According to the local villagers, elephants regularly cross the tracks to move between forest patches, to go to the nearby fields to raid paddy or maize; and to investigate houses for bananas, and food stored in their kitchens. The latter sometimes results in a broken wall, or window. Sometimes solitary or herds of elephants are chased off the tea gardens or villages by the locals or people from the forest department. This, in some cases has caused chaos resulting in elephants coming in front of trains suddenly and getting killed. According to the people, the crop-raiding incidents have increased over the past 5-6 years and several families have stopped their agricultural practices completely. Some have also been asked by the forest department to stop growing rice or maize since it tempts the elephants to cross the railway tracks to come to their fields, frequently getting them in train accidents as a result. Most of the local villagers and tea garden workers respect that elephants are large bodied mammals that cannot be bound by the boundaries of National parks and Wildlife Sanctuaries. One villager said, “The trees that serve as their main source of diet are all being cut away; the forests are no longer natural but commercial green ventures to earn revenue. More people are moving into these forest lands, there is increased grazing by cattle and collection of firewood. In search of more food, the elephants take to raiding our crops. For this, they have to cross the railway tracks often and get killed by trains as a result”

Elephants are present almost everywhere along the Siliguri-Alipurduar railway track, at least during most parts of the year (such as the paddy and maize seasons), if not all. The track lies in prime elephant habitat, which forms a part of the eastern Himalayan biodiversity hotspot. Every year, elephants migrate over large distances across this region to meet their requirements of food and water.  Initially, this tract of land was covered by forests, and was sparsely populated.

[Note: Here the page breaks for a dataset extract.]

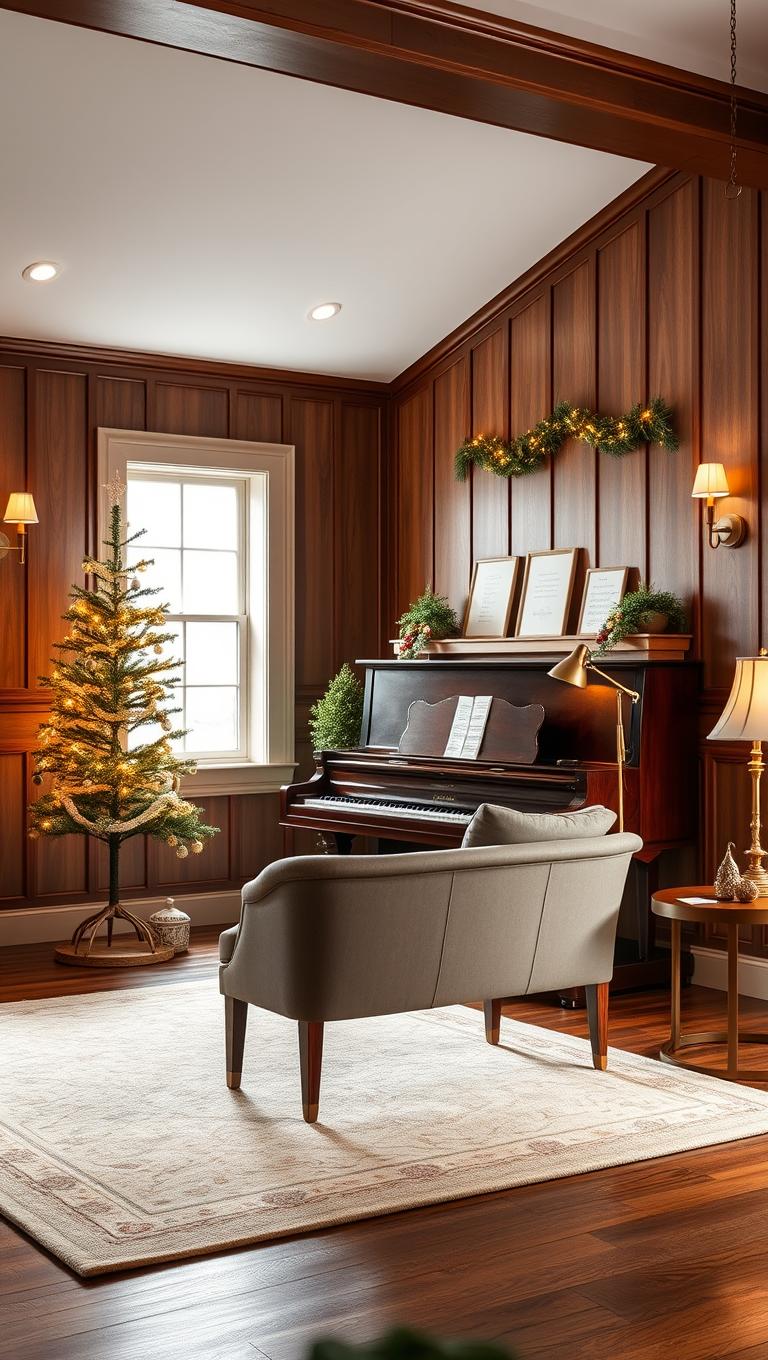 38. Music Room with Seasonal Decor and Subtle Lighting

Large investment, mainly British, resulted in an enormous growth of tea plantation agriculture. The meter gauge railway system here was laid down for these tea plantation estates.  The gauge conversion from meter gauge to broad gauge was started in 1999 and completed in November2003. This happened despite a PIL filed by WWF-India, West Bengal, at the Calcutta High Court, opposing the conversion on grounds of safeguarding wildlife and the presence of an already existing broad-gauge line 5-30km away from the meter gauge line. In India, the Environmental Impact Assessment notification of 1994 and later in 2006 issued under Environment (Protection) Act 1986 does not include Railways as one of the identified sector for EIA Study. Thus, the Indian Railways remains shielded from any environmental clearance before laying any new railway track or changeover of gauges or for extensions.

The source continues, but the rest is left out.